É evidente que muitos ativistas e antifascistas, perante a perigosa ascensão da extrema-direita e a ausência de uma alternativa eleitoral, votarão no Die Linke e talvez alguns, apesar do seu caráter reacionário, até no BSW, que surgiu como uma cisão do Die Linke.

No entanto, ambas as formações desistiram de um programa que ataque o capitalismo, com a sua exploração implacável, as suas guerras imperialistas predatórias e a miséria social que tantos de nós experienciamos em primeira mão. Não há saída sob este sistema, e é por isso que é altura de exigir um programa genuinamente socialista, um programa que ataque os banqueiros e os grandes capitalistas, não os nossos irmãos e irmãs de classe imigrantes, que são impiedosamente explorados por esses pequenos empresários e empreendedores tão elogiados por Sarah Wagenknecht.

É necessária uma verdadeira alternativa revolucionária da classe trabalhadora que abandone uma perspetiva puramente parlamentar, tentando gerir a miséria capitalista, e que se ligue ao movimento sindical e aos movimentos sociais que lutam nas ruas, organizando a partir de baixo todos aqueles de nós que querem fazer frente ao fascismo.

Um tal partido minaria a demagogia social da AfD entre todos aqueles que sentem a crise em primeira mão, mas olham para o futuro com desespero, e permitiria uma saída genuinamente de esquerda, anti-capitalista, internacionalista e socialista da crise.

Nenhum voto na CDU e na AfD!

Nenhum voto nos belicistas ultramilitaristas do governo Scholz!

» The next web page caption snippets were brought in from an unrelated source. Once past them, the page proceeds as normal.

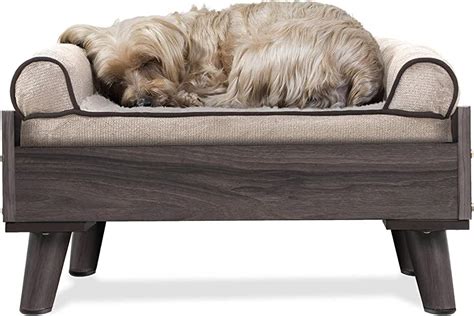 Amazon.com: elevated dog bed with stairs: Pet Supplies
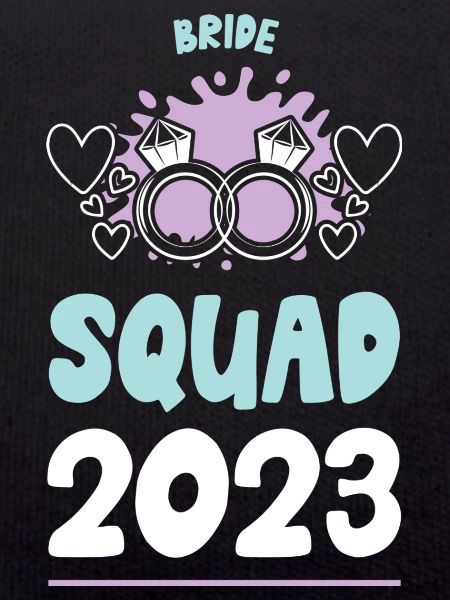 Bride Squad 2023 Team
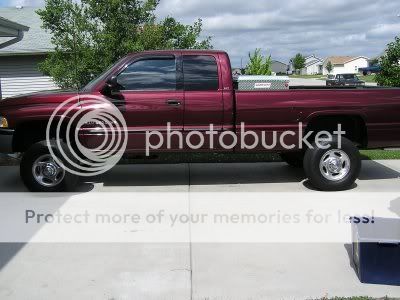 Maroon/burgandy Trucks | Cummins Diesel Forum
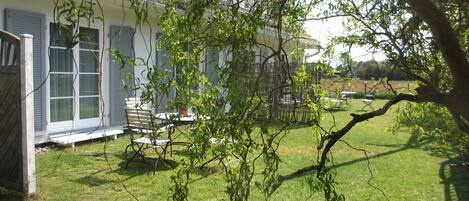 Área da propriedade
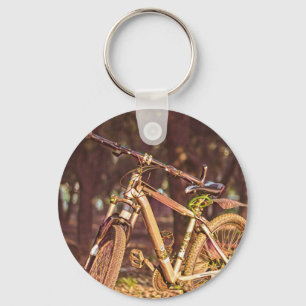 Geburtstagsgeschenke für Fahrradfreunde Schlüsselanhänger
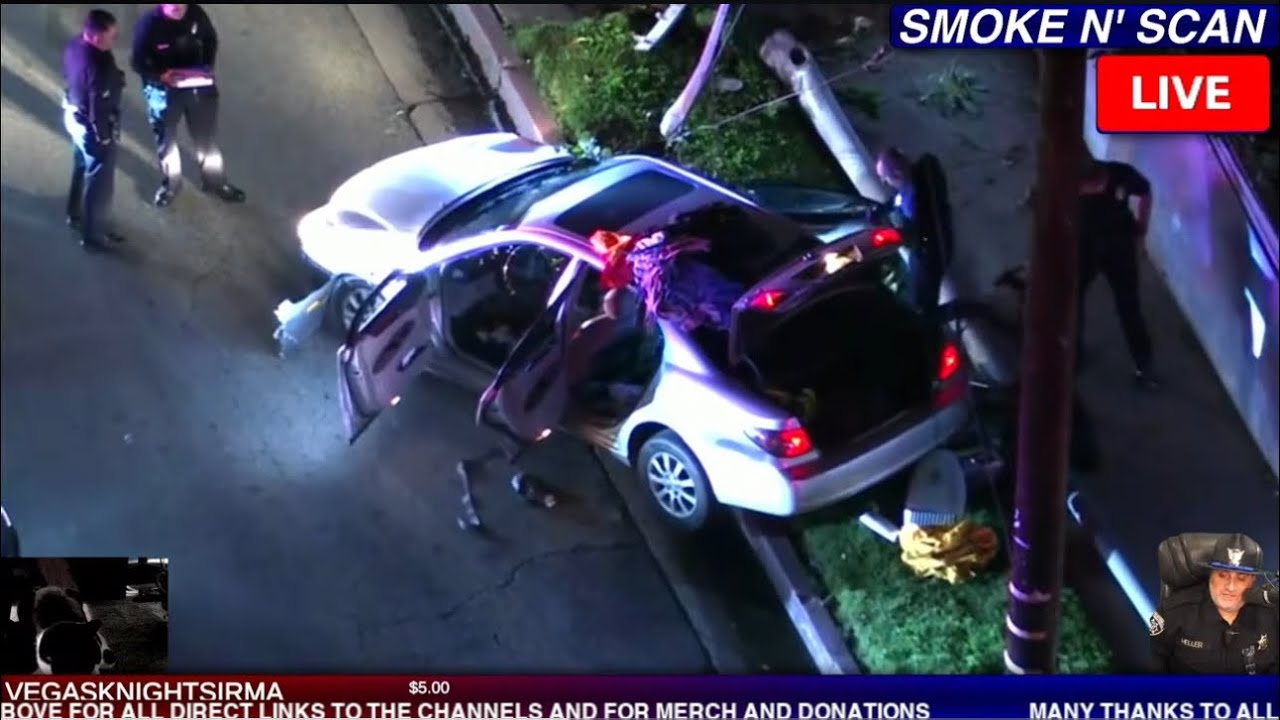 POLICE CHASE LAPD IN PURSUIT OF ARMED SUSPECT 1/5/26 #LIVE #POLICECHASE ...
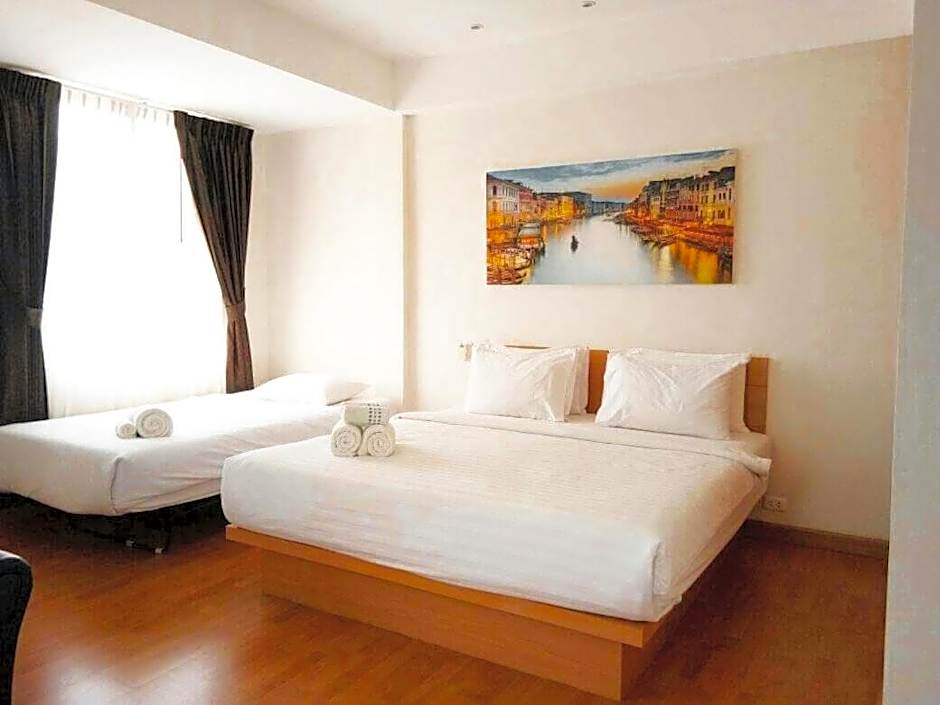 Buk Inn Hotel SHA Plus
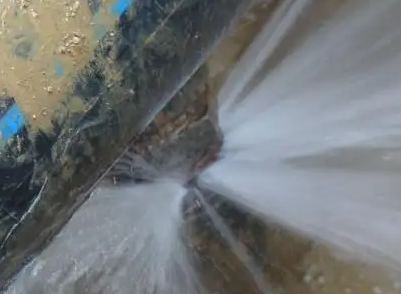巧家卫生间测漏水施工步骤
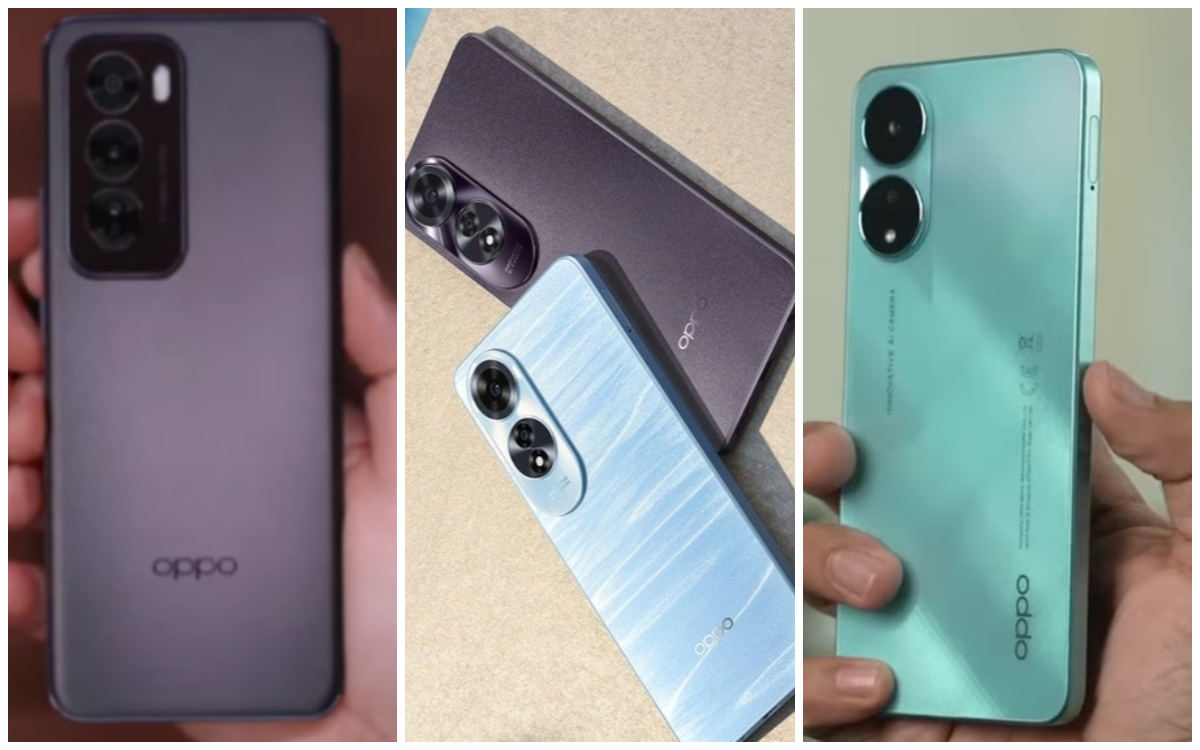HP OPPO Terbaik Turun Harga Drastis 2025
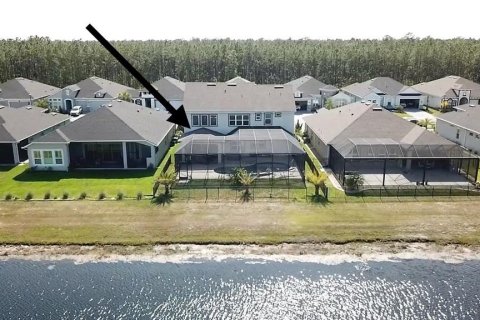 House in Daytona Beach, Florida 4 bedrooms, 283.07 sq.m. № 1735257 - photo 12
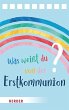 Was weißt du von der Erstkommunion?... - Bild 1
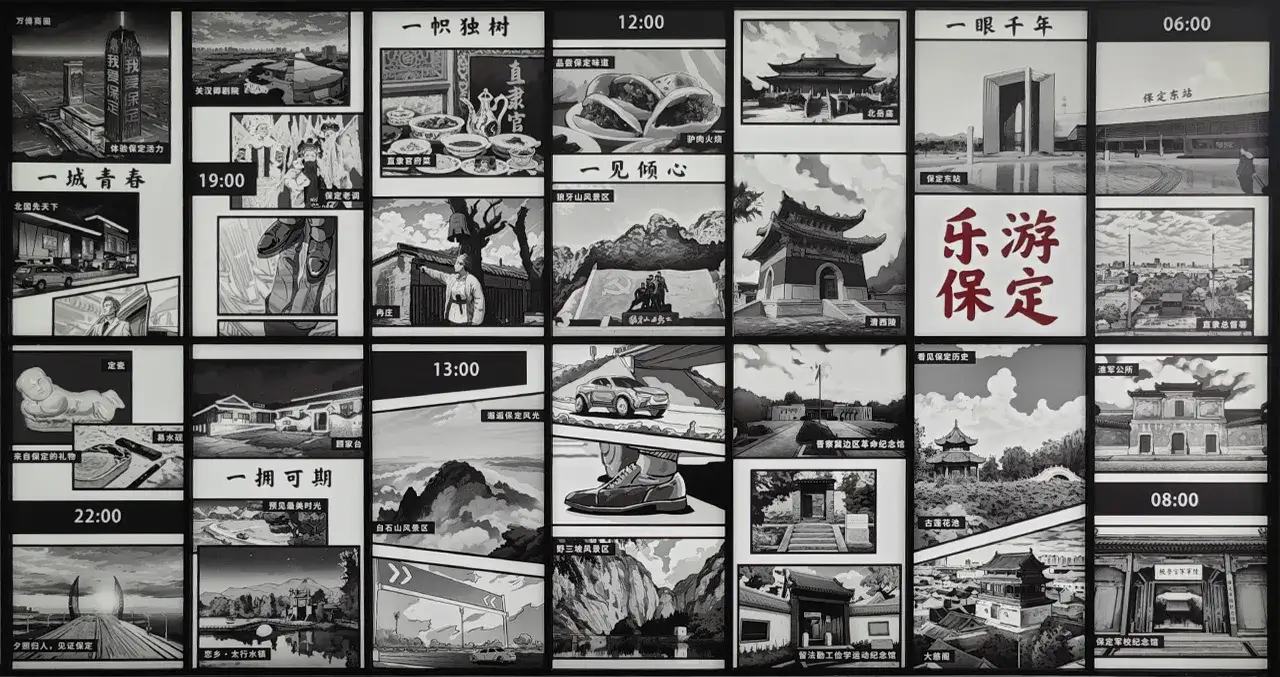 乐游保定
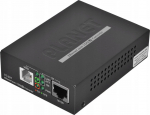 Valgukiudv&otilde;rgu konverter Planet PLANET VC-231 100 Mbit/s Black | VC-231 | 847690000701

Pela expropriação dos capitalistas e pela democracia dos trabalhadores!


Notas

1. NdT: No contexto alemão, as denominadas greves de aviso ou advertência são greves curtas, com duração de até 24 horas, que têm limitações e são realizadas num contexto em que as negociações estão a decorrer. As denominadas greves forçadas são greves que exigem o acordo e o voto dos trabalhadores, que só são convocadas quando todas as negociações estão fracassadas, e que são muito mais duras, geralmente indefinidas.